Apple has released a technical paper outlining the models it has created to drive Apple Intelligence, the suite of generative AI features coming to iOS, macOS, and iPadOS in the coming months.
In the paper, Apple counters claim that it took an ethically dubious approach to training its models, emphasizing that it did not utilize private user data and relied on a mix of publicly available and licensed data for Apple Intelligence.
In July, Proof News revealed that Apple had used a dataset named The Pile, which includes subtitles from hundreds of thousands of YouTube videos, to develop a series of models for on-device processing. Many YouTube creators whose subtitles were included in The Pile were unaware and had not consented to this use. Additionally, Apple subsequently stated that it did not plan to use these models for any AI features in its products.
The technical paper, which provides insights into the Apple Foundation Models (AFM) introduced at WWDC 2024 in June, highlights that the training data for these models was gathered in a manner deemed “responsible” — according to Apple’s standards, at least.

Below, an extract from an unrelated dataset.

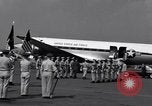 Image of Leon W Johnson Wiesbaden Germany, 1955, second 54 stock footage video 65675031762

The training data for the AFM models includes both publicly available web data and licensed content from unnamed publishers. The New York Times reported that in late 2023, Apple contacted several publishers, such as NBC, Condé Nast, and IAC, proposing multi-year agreements valued at over $50 million to use their news archives for training. Additionally, Apple’s AFM models were trained on open-source code from GitHub, encompassing languages like Swift, Python, C, Objective-C, C++, JavaScript, Java, and Go.